Hınıs Kazasında ikinci bir miting tertip edilmiş telgraflarla yine  ilgili taraflar uyarılmıştı.

Pasinler, İspir, Bayburt, Hınıs´ı Kiğı haklı takip ediyor, Belediye Reisi yapılan mitingi telgrafla taraflara bildirenler arasına katılıyor, Hüseyin Hüsnü  Kiğı´lıların duygu ve düşüncelerini dünyaya ilan ediyordu.

Bütün bunlardan sonra 7 Haziran 1919 yılında Erzurumlular durumu sadarete telgrafla bildirerek kararlı olduklarını üzerlerine düşecek görevleri yapmaya hazır olduklarını beyan etmişlerdi.

17 HAZİRAN VİLAYET KONGRESİ

8 Haziranda "Müdafaa-ı Hukuk Cemiyeti" İnas Rüştiye binasında toplanmış,  Hüseyin Avni Bey´den başka 22 üye toplantıda hazır bulunmuşlardı.

Vilayet Kongresi olarak tarihe geçen bu faaliyetler sonunda 17-21 Haziran arasında çalışmalarını tamamlayarak tüm dünyaya "Doğu Anadolu´nun ikinci bir Kırım olmayacağı" yolunda kesin, kararlı olacaklarını ilan etmişlerdi. Ermenilere kesinlikle direnilecek,  bu konuda gereken tüm tedbirler alınacaktı.

Ayrıca karalar içinde şehirde  iptidai mekteplerin yanında bir Darulmuallim açılması kararlaştırılmış, göç yasaklanmıştı.

MUSTAFA KEMAL PAŞA ERZURUMDA

3 Temmuzda gelen Mustafa Kemal Paşa hızla kongrenin toplanması için çalışmaları hızlandırmıştı.

23 Temmuz 1919 yılında yapılan Erzurum Kongresi  kararlardan biri "Kuvay-ı Milliyeyi Amil, Milli İradeyi hakim kılmak esastır" ilkesi Kurtuluş savaşına giden yolun ilk basamaklarından biri olmuştu.

Bu arada  1 Mayıs 1920 de Telgrafçılar Cemiyeti kurularak resmen Milli Mücadele´nin haberleşme işinde Erzurumlu PTT´ciler önemli görevler üstlenmişlerdi.

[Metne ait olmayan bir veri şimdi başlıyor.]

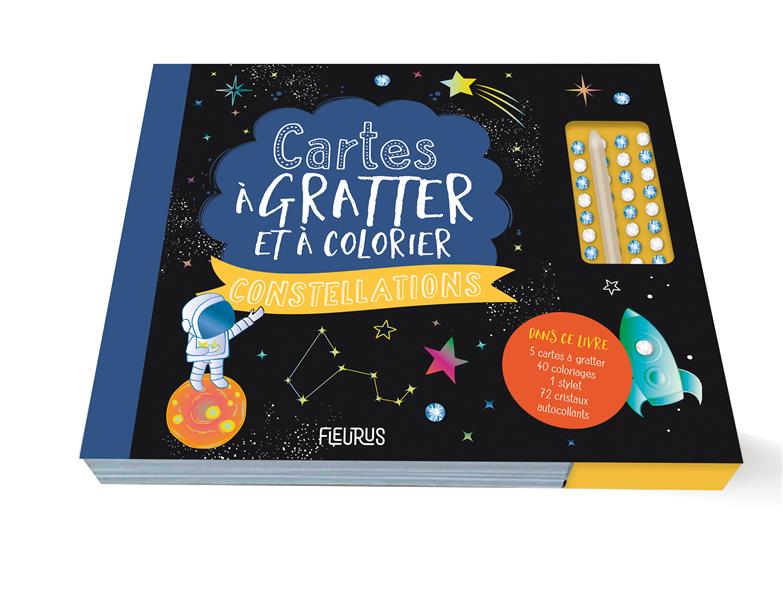 CARTES A GRATTER ET A COLORIER : CONSTELLATIONS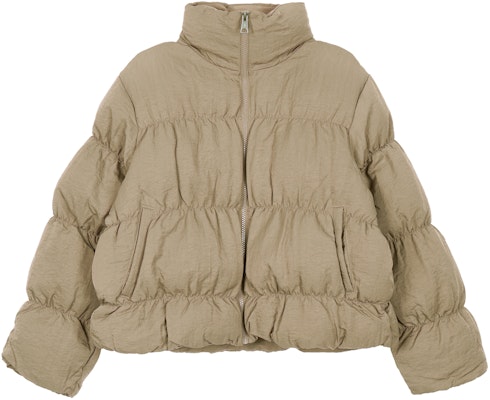 (W) 乔丹纯色标志长袖卡其色绗缝羽绒夹克 FB5150-277 Order (W) 乔丹纯色标志长袖卡其色绗缝羽绒夹克 FB5150-277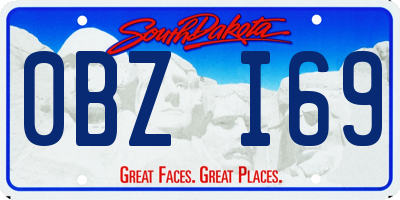 SD license plate 0BZI69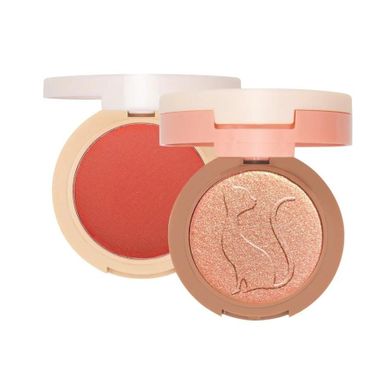 J.Cat Beauty, 2 in 1 Piece Of Cake Blush + Highlighter, róż i rozświetlacz, 103 Mcflirty, 12.1g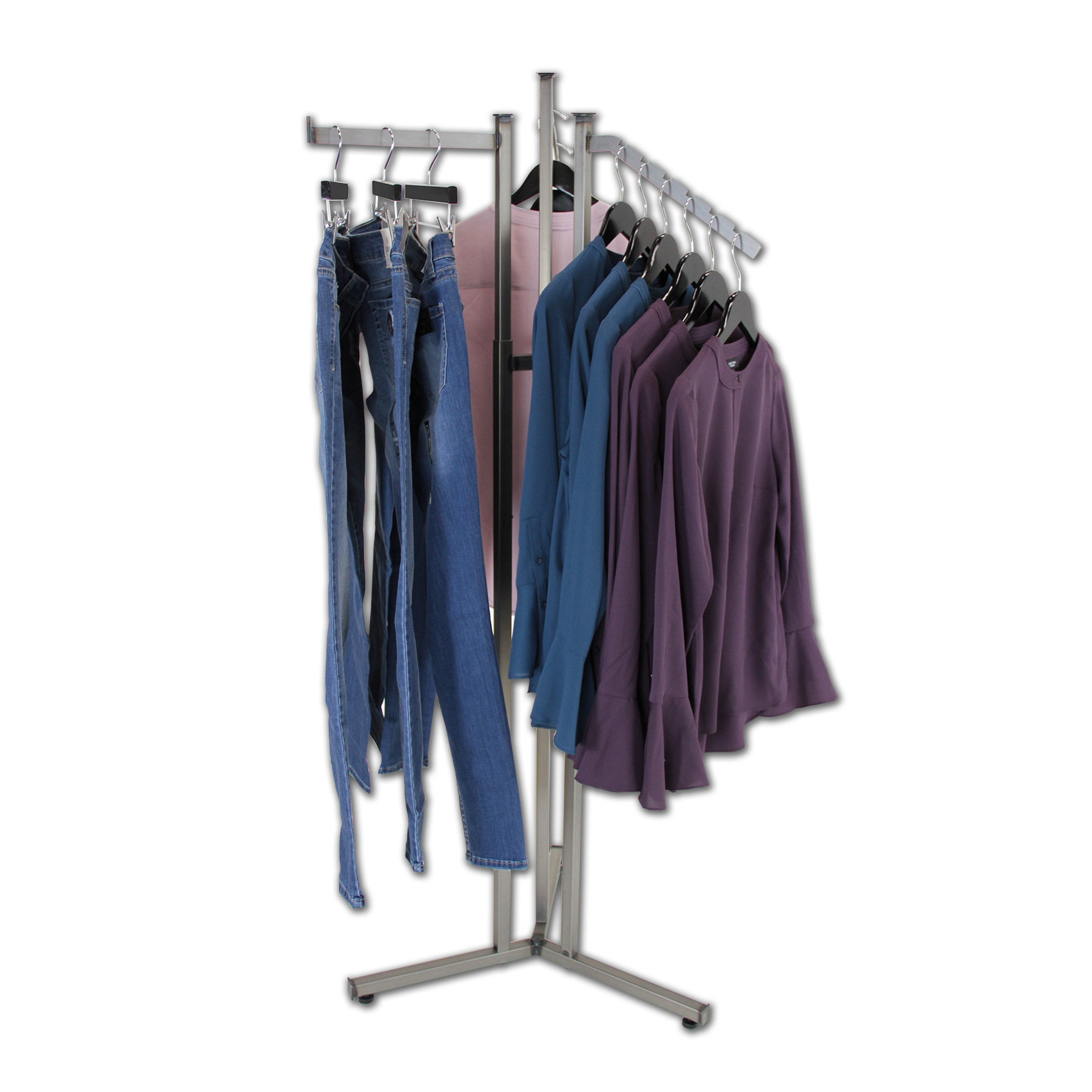Aaron Contemporary 3 Way Raw Steel Rack w/ Finials - Image 2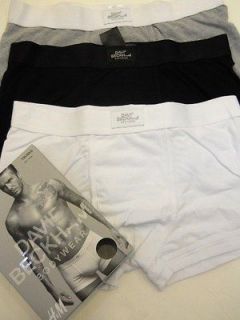 David Beckham 3 Pack Trunks Boxer Briefs Size S M L XL Black White 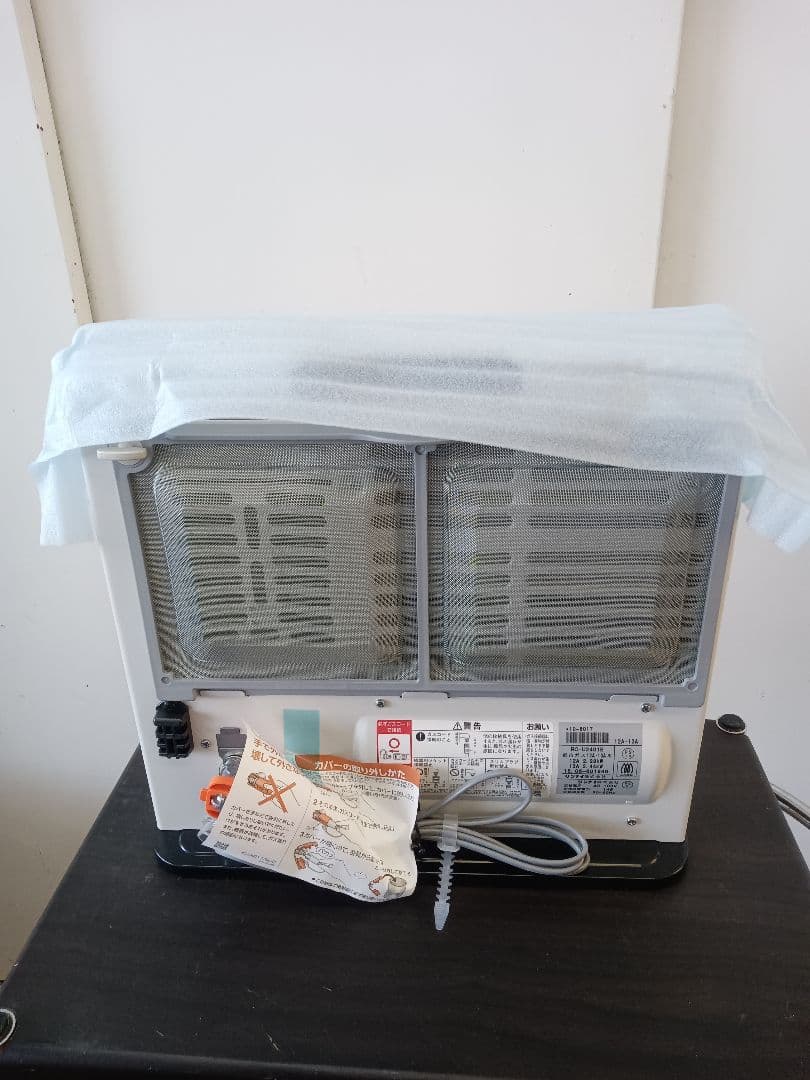 手渡し価格 T274 ガスファンヒーター　都市ガス用　リンナイ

İstanbul´un işgali üzerine Lalapaşa meydanında yapılan miting ve Murt Paşa Cami´sinde dönemin kadın muallimlerinin öncülüğünde bayanların katıldığı, önce Mevlit okutulup peşinden minbere çıkan Zeliha Faika Ünlüerin´in yaptığı konuşma katılanları ayağa kaldırmış, akabinde  ABD ve diğer Avrupa devletlerinin hükümetlerine telgraflar çekilmiş, Erzurumlu kadınların haklı istekleri cihana duyurulmuştu

Kasabaların halkı tarafından düzenlenen protesto mitingleri ve alınan kararlar başta İstanbul hükümeti olmak üzere itilaf devletlerine ve ABD´ye çekilen telgraflarla İstanbul´un işgali telin edilmiş, Türk milletinin bu yapılan haksızlıkların altında kalmayacağı tüm dünyaya ilan edilmişti.

Sonuç olarak yukarıda sıraladığım olaylar, 23 Temmuz Kongresi´nin kazandırdığı moral, aslında Milli Mücadele Erzurum´da başlamıştır konusundaki tezi güçlendirmektedir. Kuvay-ı Milliye´nin kurulup gelişmesinin başlangıcında, gelişmesinde Erzurum hep ön sırada olmuştur. O halde artık resmi belgelere bunun böyle geçmesinin yararı vardır. Bilim adamlarının bu yönde çaba harcamaları, gerçekleri gün yüzüne çıkarmaları ve bu yönde kamuoyu oluşturmaları gerekmektedir.